## Exercise brief
Nothing but the lines from the first line of the material below through the line that holds "Creighton Bluejays Bluejay" should be set down, exactly and with pictures left out.
▼
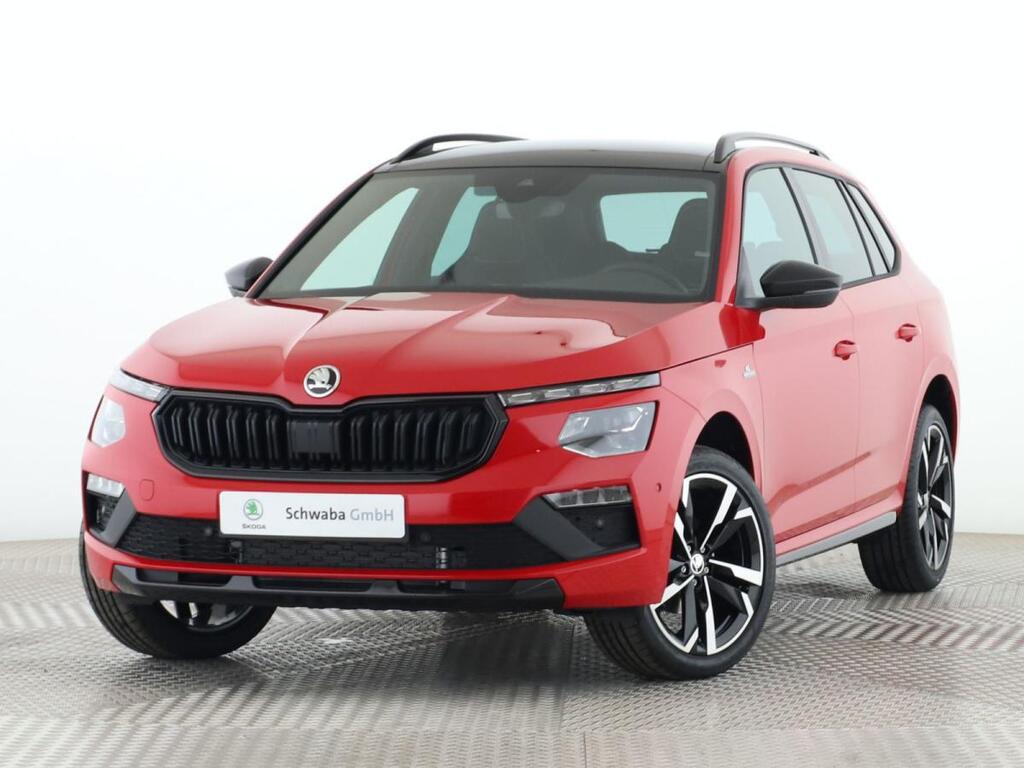 Skoda Kamiq Monte Carlo 1.5 TSI DSG *PRIVATKUNDENAKTION*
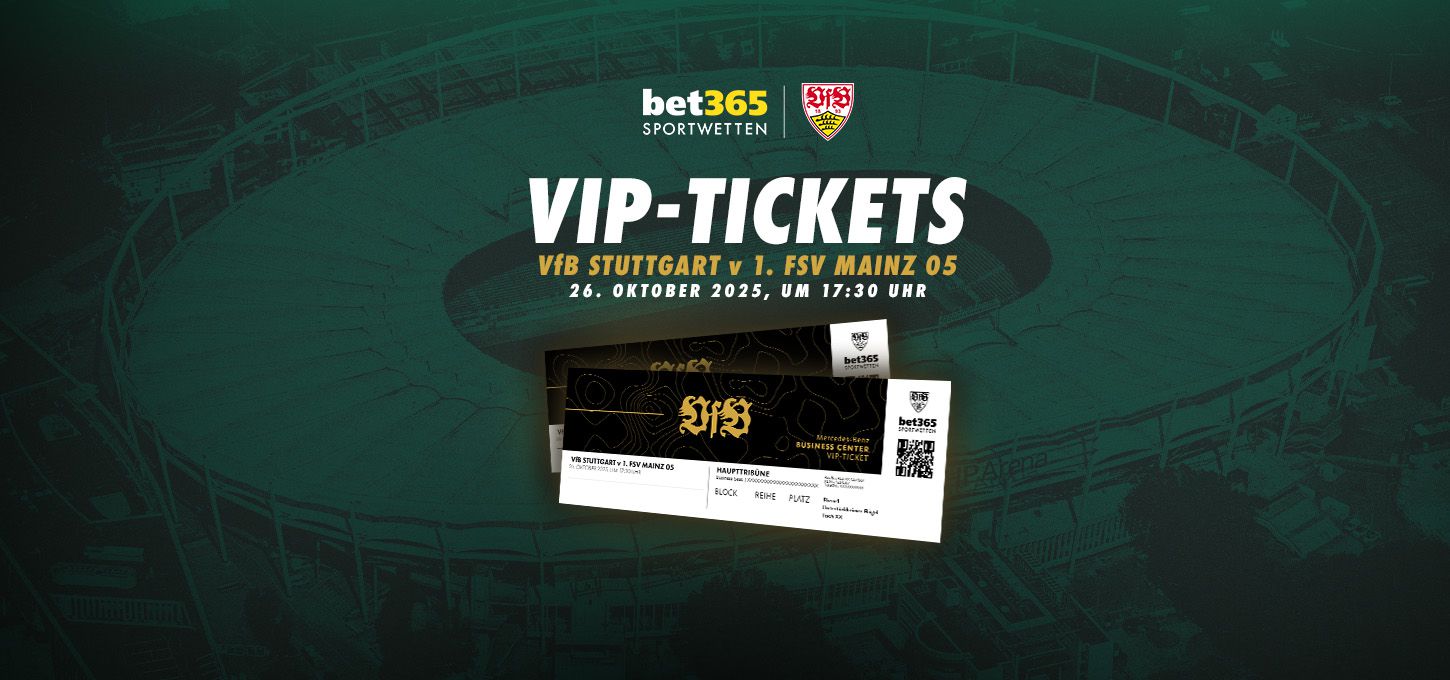 Stuttgart ticket giveaway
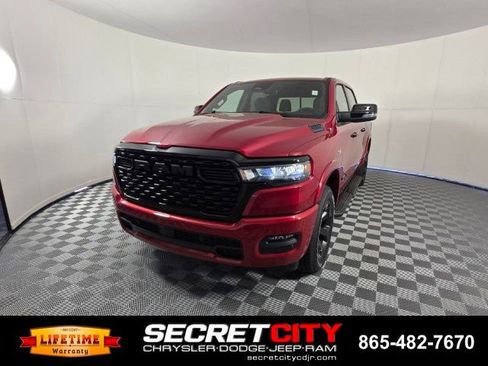 New 2026 RAM 1500 Big Horn image 3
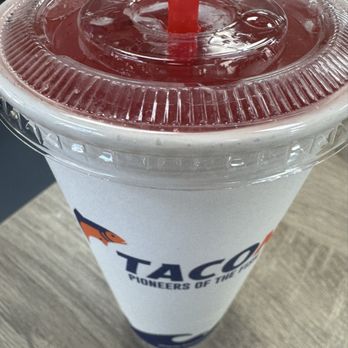 Taco Nazo - Sandia Agua Fresca (Watermelon) - Seafood Near Me - South El Monte, California Taco Nazo - Sandia Agua Fresca (Watermelon) - Seafood Near Me - South El Monte, California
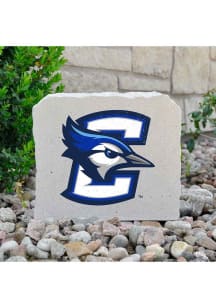Creighton Bluejays Bluejay Logo 8x7 Rock - Grey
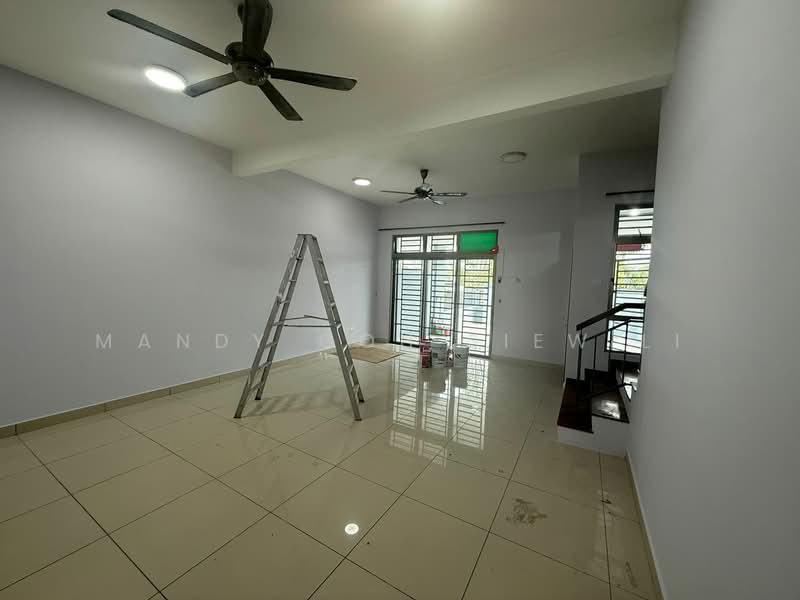 2-storey Terraced House for Rent in Skudai (Johor) - Mandy Goh Siew Li - Living Room - PropertyGuru.com.my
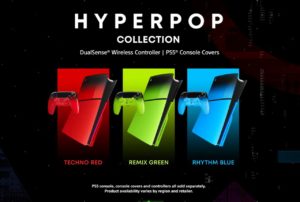 playstation hyperpop collection playstation 5 dualsense
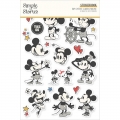 Bild 1 von Simple Stories Sticker Book  - Say Cheese Classic Mouse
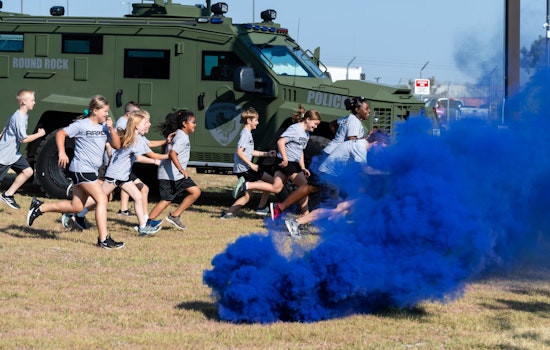 Round Rock Police Department to Host Junior Police Academy this Summer for Young Cadets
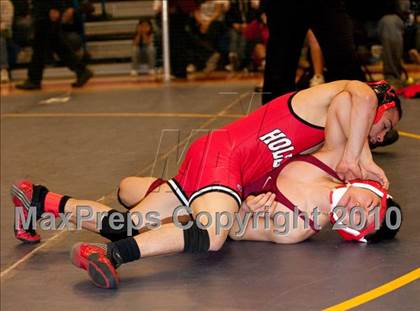 Thumbnail 3 in CIF CCS Masters Championships (Day 1 - Consolation Rounds) photogallery.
▲
## Output for this exercise
 Skoda Kamiq Monte Carlo 1.5 TSI DSG *PRIVATKUNDENAKTION*
 Stuttgart ticket giveaway
 New 2026 RAM 1500 Big Horn image 3
 Taco Nazo - Sandia Agua Fresca (Watermelon) - Seafood Near Me - South El Monte, California Taco Nazo - Sandia Agua Fresca (Watermelon) - Seafood Near Me - South El Monte, California
Creighton Bluejays Bluejay Logo 8x7 Rock - Grey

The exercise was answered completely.